E la drammatica realtà dell’immigrazione
è stata al centro ieri dei sit-in di centinaia di eritrei a Piazza Montecitorio a
Roma, in commemorazione dei 369 morti nei recenti naufragi di Lampedusa. Tanti i
manifestanti provenienti da diverse parti d'Italia, appartenenti a varie associazioni
riunite nel coordinamento "Eritrea democratica". In piazza rappresentanti religiosi
cristiani e musulmani, che hanno recitato delle preghiere. Sentiamo le voci di alcuni
di loro, al microfono di Antonella Palermo:
Sono venuta
qua per proseguire i miei studi, però adesso che la situazione in Eritrea è cambiata
io non me la sento di rientrare. Lì la gente non dico che muore di fame ma quasi;
vivono grazie alle rimesse dei loro parenti all’estero. Io stessa aiuto i miei familiari
in Eritrea.
Le persone che sono arrivate qua non sono venute alla ricerca dell’Eldorado
ma di un posto di lavoro, di un pezzo di pane da condividere con gli italiani. Questa
manifestazione non vuole ricordare solo gli eritrei, gli etiopi, o i somali che sono
morti in questa tragedia ma i “cadaveri del Mediterraneo”. Credo che sia arrivato
il momento di aprire non solo un canale umanitario ma il diritto, sacro santo, delle
persone di spostarsi. Il reato di clandestinità è un reato che è stato inventato.

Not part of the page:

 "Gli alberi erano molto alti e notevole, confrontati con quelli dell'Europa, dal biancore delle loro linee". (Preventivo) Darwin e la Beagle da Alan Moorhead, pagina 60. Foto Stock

Va aperto a livello internazionale un tavolo in cui si ridiscuta la situazione del
Corno d’Africa.
Sono qui anche a nome della mia associazione per far sapere
a tutti che comunque noi del popolo eritreo stiamo ancora aspettando risposte serie
dallo Stato italiano. Vogliamo avere subito una risposta a proposito della questione
sul rimpatrio delle salme. Le mamme in Eritrea stanno ancora aspettando.